There are many areas of law, not just the "Big Three" in IP of copyright, trademark, and patents.
They are certainly similar enough to be identified as their intended brands, so you've got copyright, trademark, trade dress, dilution by blurring, dilution by tarnishment, unfair competition, unfair or deceptive practices, making an association with a famous mark, false designation of origin, false descriptions, and more besides.
What is the cost to change them? Perhaps an hour of work? $20? $50?
What is the cost of a lawsuit? Even a Cease and Desist order is going to cost hundreds of dollars to make sure you resolve properly, plus they'll demand you change the logos.
Note how in BOTH cases you end up changing the cans. The only difference is one situation involves lawyers.
You can also leave them and accept the risk. But if you start to succeed or become successful or become popular, sooner or later you'll get a knock at the door demanding you to sign for receipt of a legal document.

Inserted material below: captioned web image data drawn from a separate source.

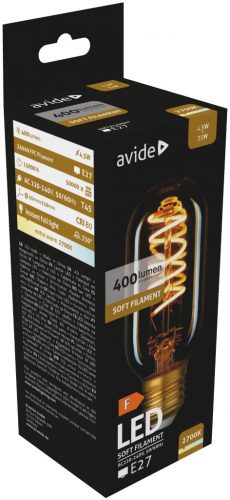 Avide filament LED izzó E27 4,5W 400Lm 360° 2700K 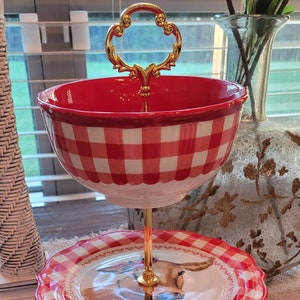 Pioneer Woman Gingham Red Tier Stand Most Popular Trending Gift for her mom mother sister wife daughter Easter Spring Summer catering cow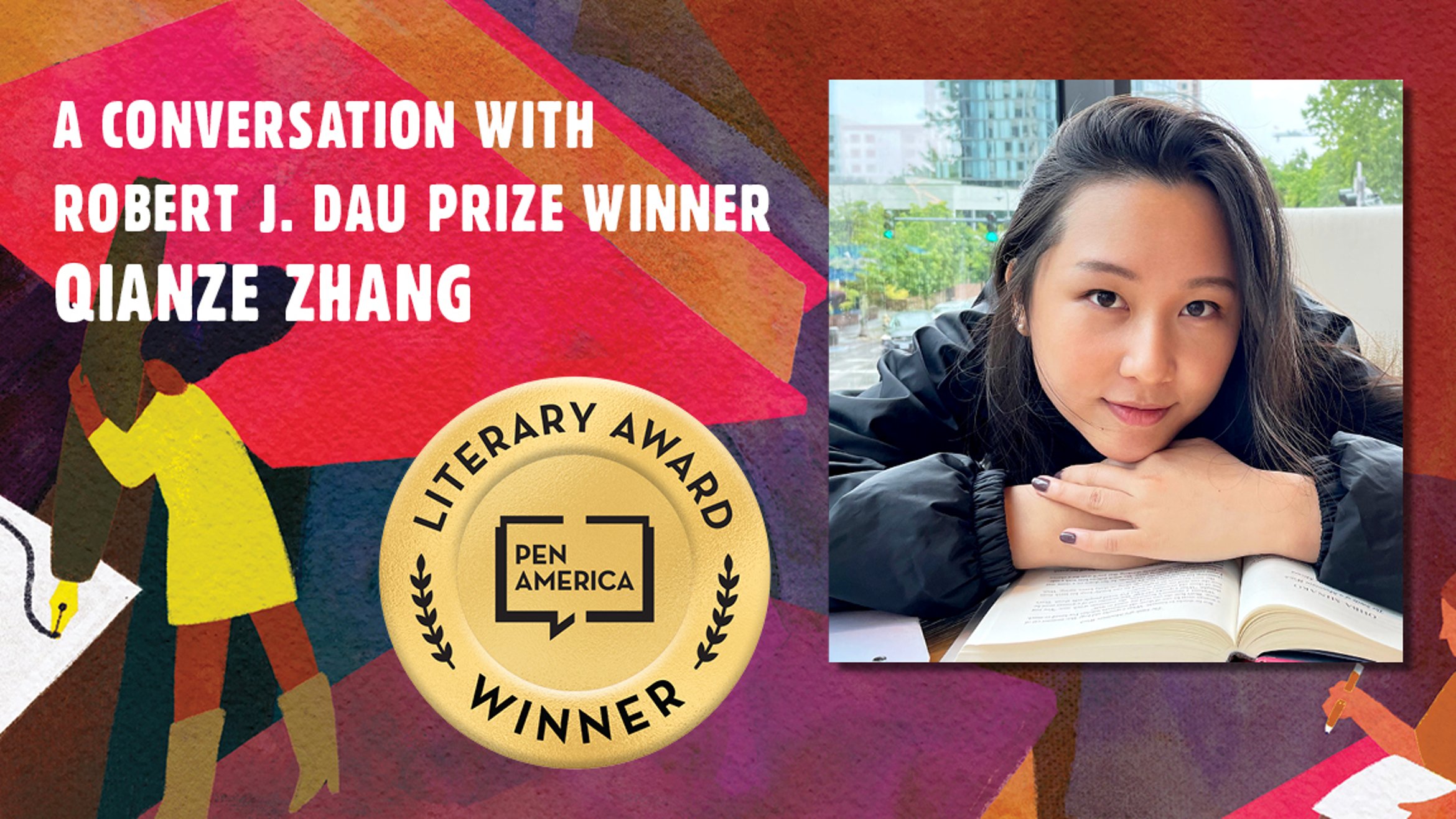 Cover Photo: This graphic is a close-up of the ‘Best Debut Short Stories 2021’ book cover, and includes the words "A conversation with Robert J. Dau Prize Winner Qianze Zang" along with the author's headshot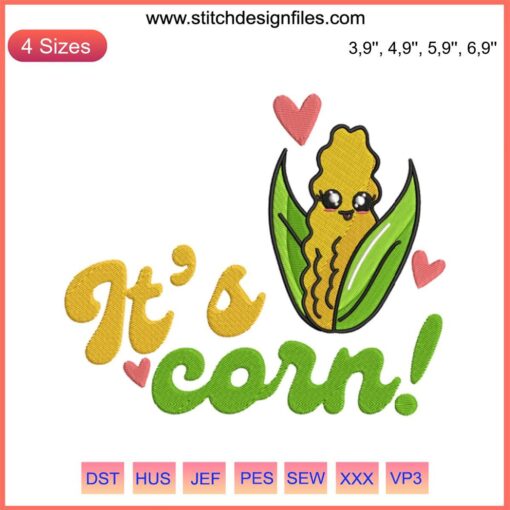 Cute Corn Embroidery Design Meme | Funny Corn Lovers Theme | Corn Embroidery Art | Unique Quilting Applique | Farm Hobby Embroidery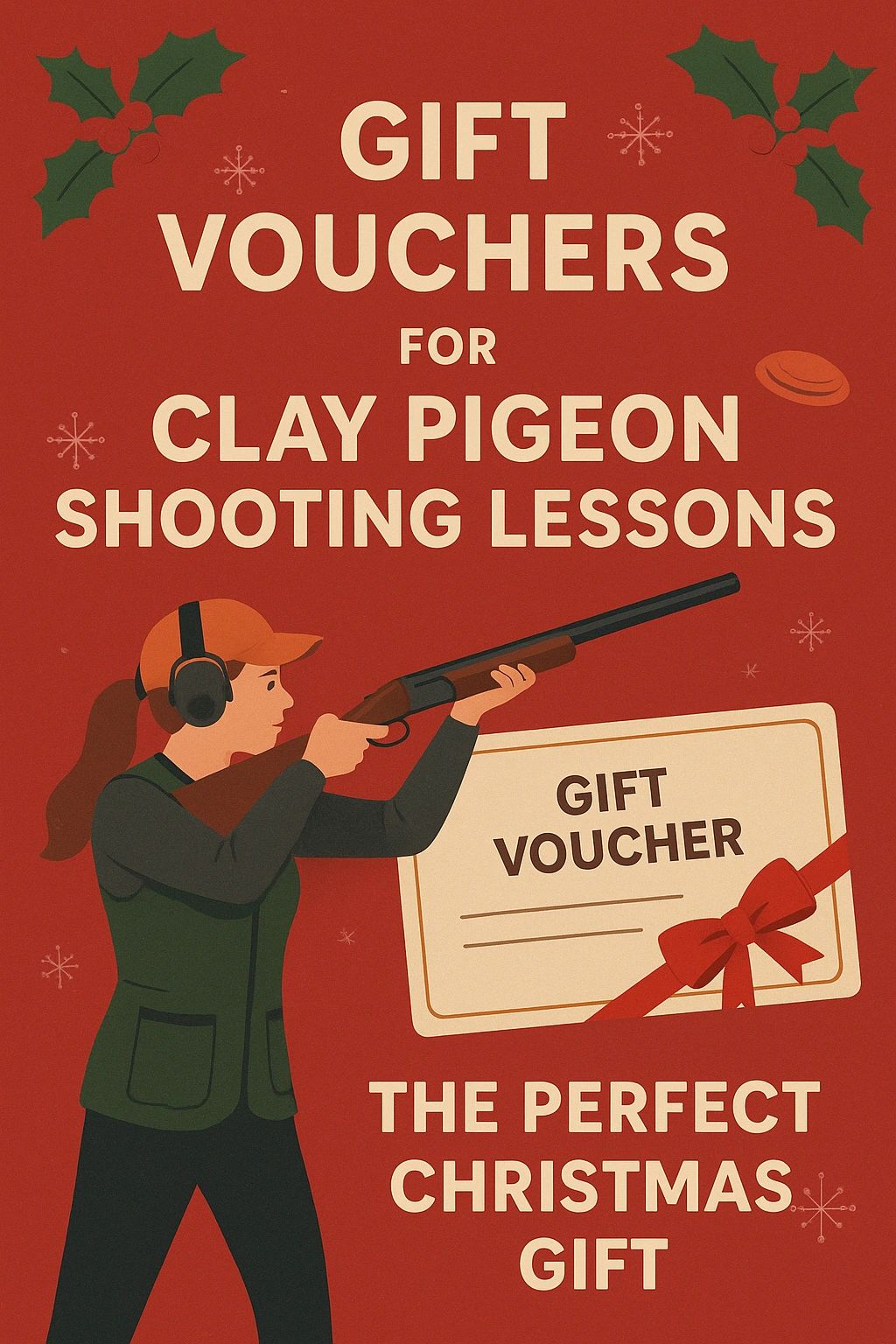 Christmas gift voucher for clay pigeon shooting. The perfect gift card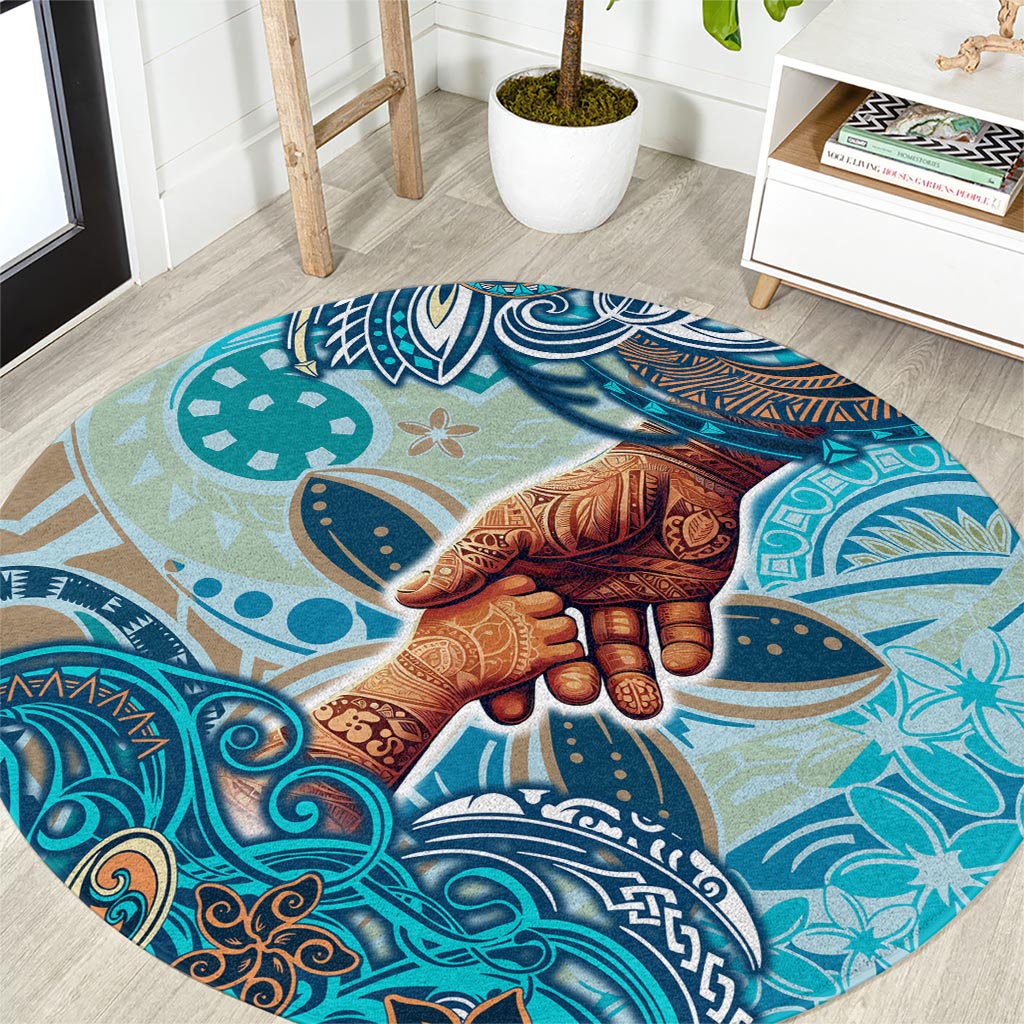 Hand In Hand Father's Day Polynesian Round Carpet Tribal Flower Pattern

About the only thing that is nearly always accepted as fair use is nominative use, using the thing's name. Saying "this is Pepsi" is not a violation because that is the name. Doing much more than that is often a costly idea.
If the only people who will ever see it are you and your best friends, the risk is approximately zero. ... Except you've already gone and posted it on the Internet, which has billions of viewers and never forgets. Oops!
Fair use is a local legal concept and varies by location. Even in the same location judges evaluate it differently. It is expensive to get wrong, and easy to get right by simply not using other people's ideas and properties.